Trump Family’s Newest Partners: Middle Eastern Governments
Eight months before Mr. Trump entered the presidential race in 2015, the family company announced plans to license its name for a 33-story hotel in Baku, Azerbaijan, and the partner there was the son of a government minister. That project was also ultimately abandoned.
But elsewhere, the Trump Organization’s foreign deals generally did not directly involve a financial role by a foreign government, or at least any public acknowledgment of direct foreign government financing or a major land contribution, according to an examination of the transactions by The New York Times.
During Mr. Trump’s time in the White House, the Trump International Hotel in Washington was frequently a destination for foreign government officials, including delegations in town for planned meetings with Mr. Trump. The governments of Malaysia, Saudi Arabia, Qatar, the United Arab Emirates, Turkey and China each spent money at the hotel, according to documents that his former accounting firm turned over to Congress. The hotel received more than $3.75 million from foreign governments from 2017 to 2020, the House investigators estimated.

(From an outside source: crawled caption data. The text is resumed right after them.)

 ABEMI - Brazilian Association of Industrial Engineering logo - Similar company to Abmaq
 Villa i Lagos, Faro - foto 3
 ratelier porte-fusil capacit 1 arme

The Trump Organization has asserted that it paid all profits from these hotel stays to the Treasury Department through annual voluntary payments.
But this new deal — in which the Trump Organization benefits from land or financial capital provided by foreign governments — only elevates the potential for a conflict of interest to emerge, as Mr. Trump continues his dual roles as a White House candidate and business executive, ethics lawyers said.

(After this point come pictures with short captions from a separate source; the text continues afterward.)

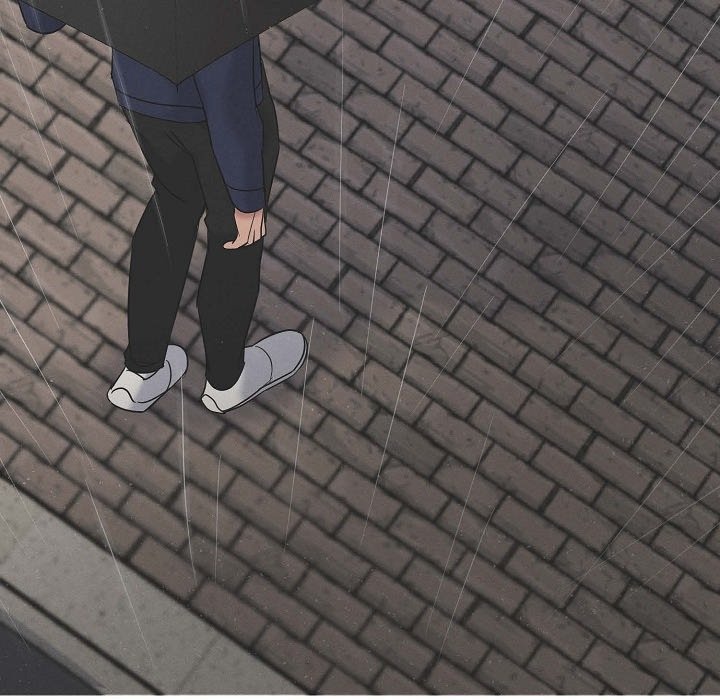 Read Lose Your Touch chapter 27 image 116 on Lezhin
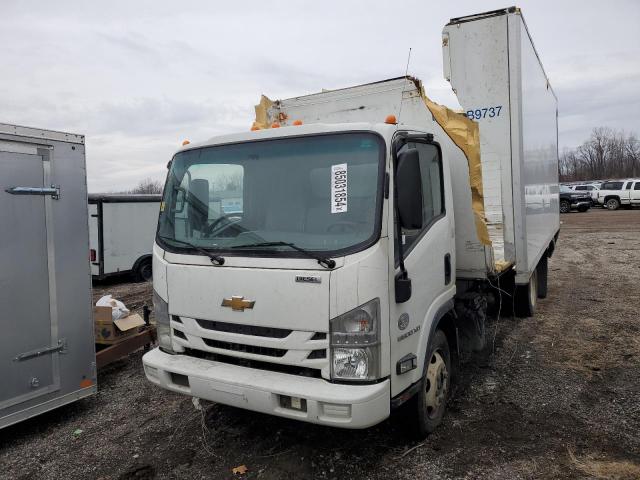 Salvage Chevrolet Ck Series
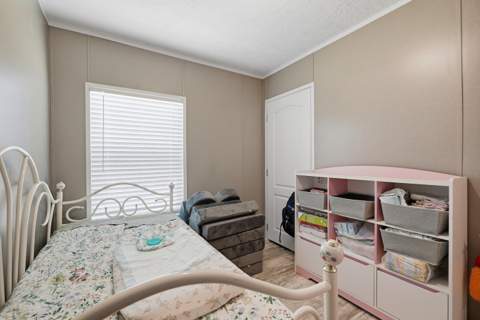 940 Hiawatha Street, Holt FL - photo 14 of 30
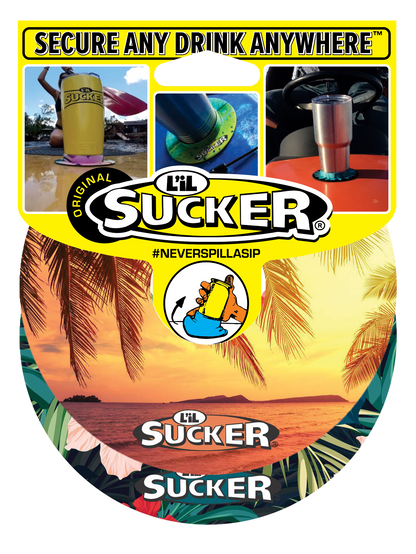 Tropical 2 Pack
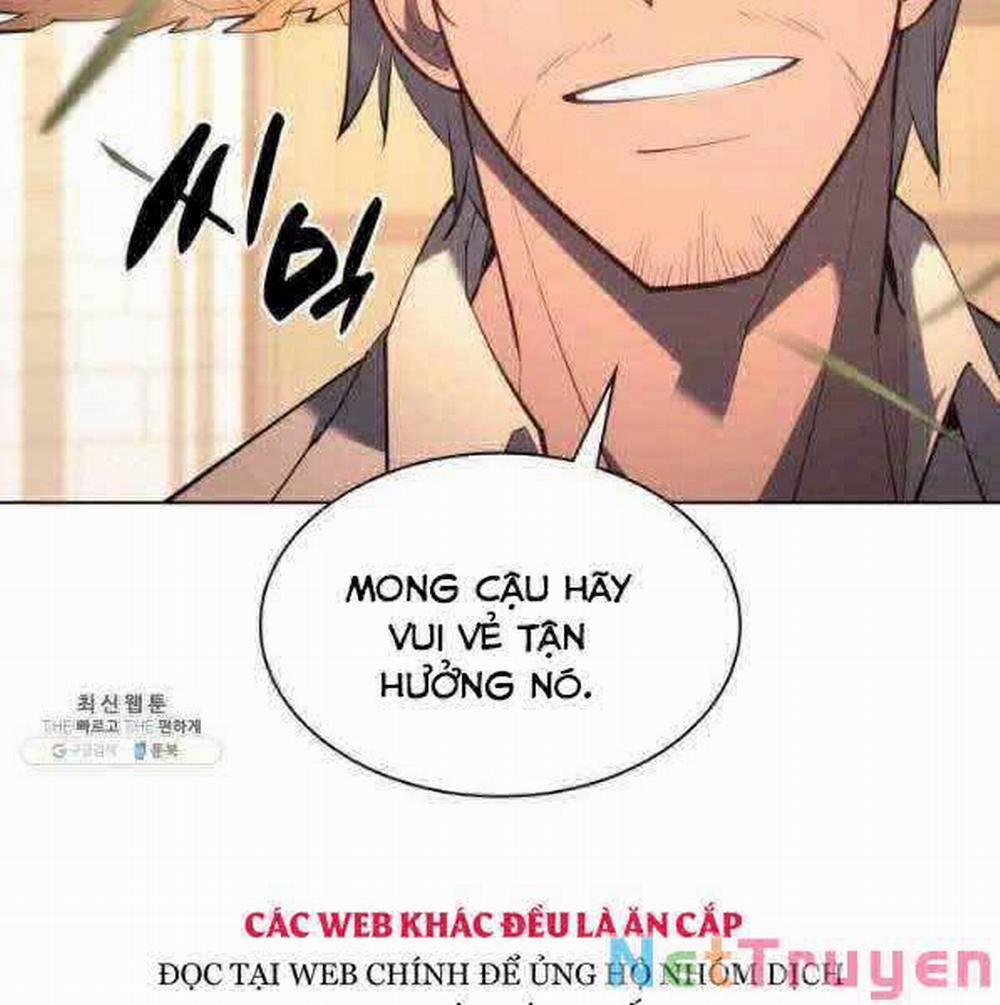 Thợ Rèn Huyền Thoại 138 trang 29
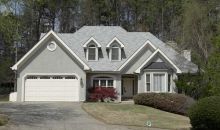 3057 Oaktree Lane Duluth, GA 30096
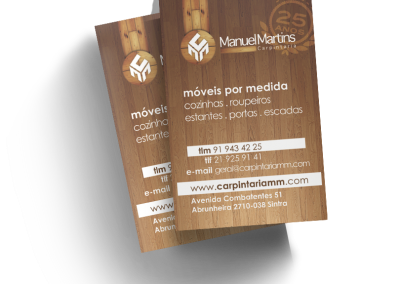 carpintariaMM_card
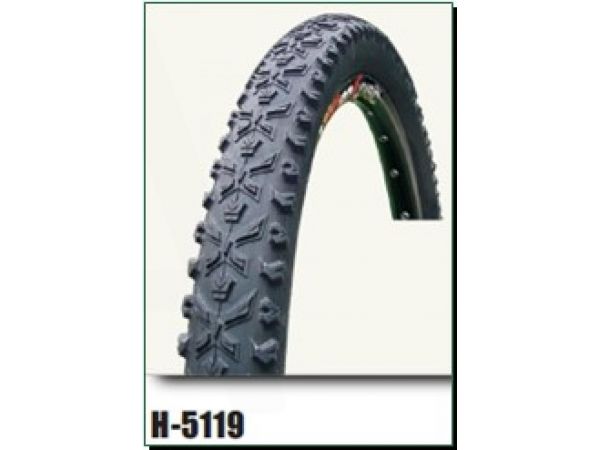 Велосипедная шина   29 * 2,10   (IA-2573-01)   (Innova)   LTK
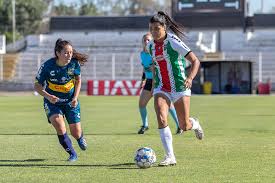 Universidad de chile y palestino se enfrentan en el estadio nacional, en un partido válido por la fecha 30 del campeonato nacional 2020. Palestino Supera A Everton Y Es Rival De Universidad De Chile En Semifinales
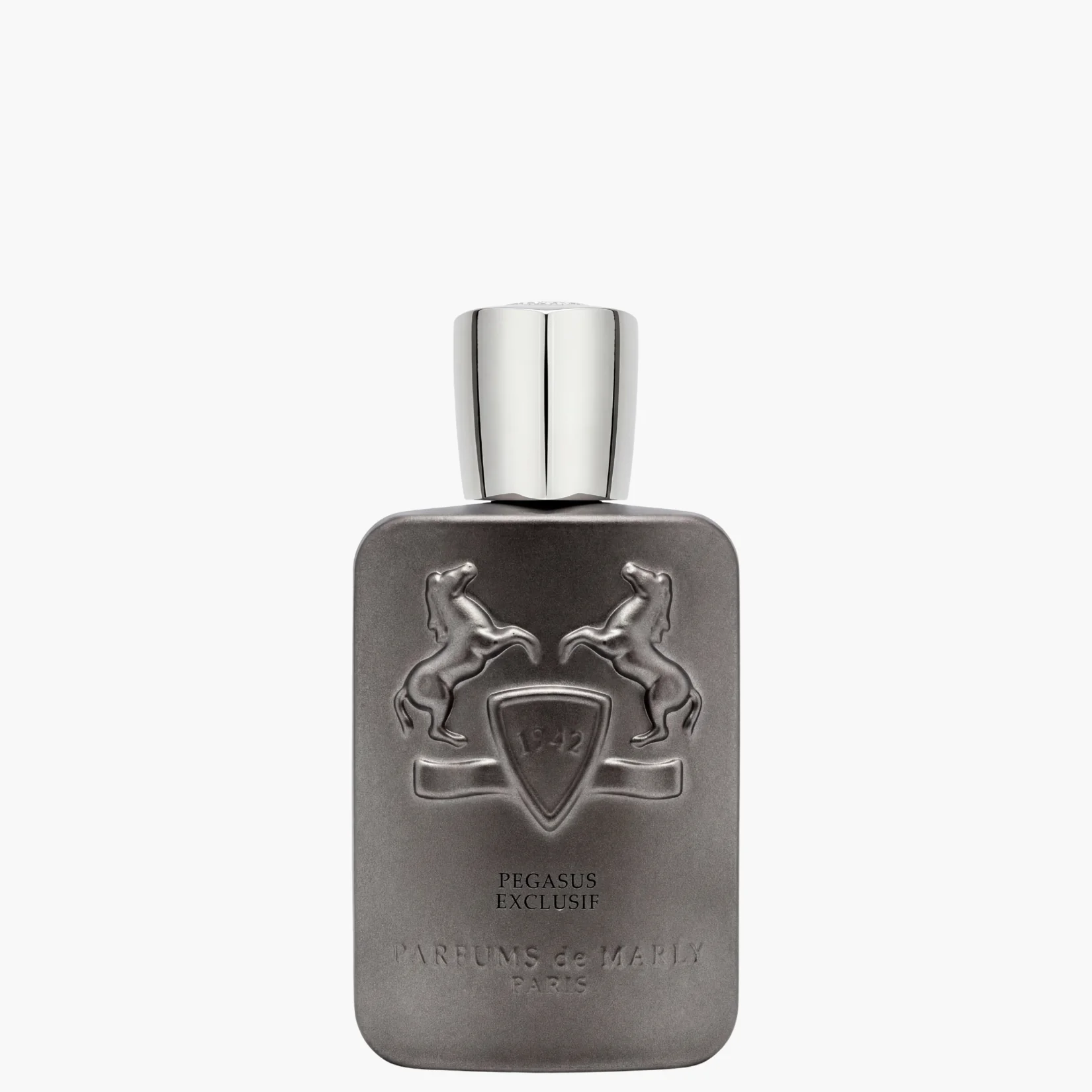 Parfums De Marly Pegasus Exclusif EDP (Tester)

“This is yet another example of Trump getting a personal financial benefit in exchange for past or future political power,” said Kathleen Clark, a law professor at Washington University in St. Louis. “The Saudis and Oman government may believe that giving Trump this licensing deal will benefit them in the future, should Trump become president again. This deal could be a way to ensure that they will be in Trump’s good graces.”
The Aida project in Oman is slated to be built 20 minutes outside the capital city of Muscat, on an series of hills overlooking the Arabian Sea on land controlled by the Omani Company for Development and Tourism, a Oman-government-owned tourism agency. It will include 3,500 luxury villas, two hotels with a total of 450 rooms and a golf course, as well as various restaurants and stores.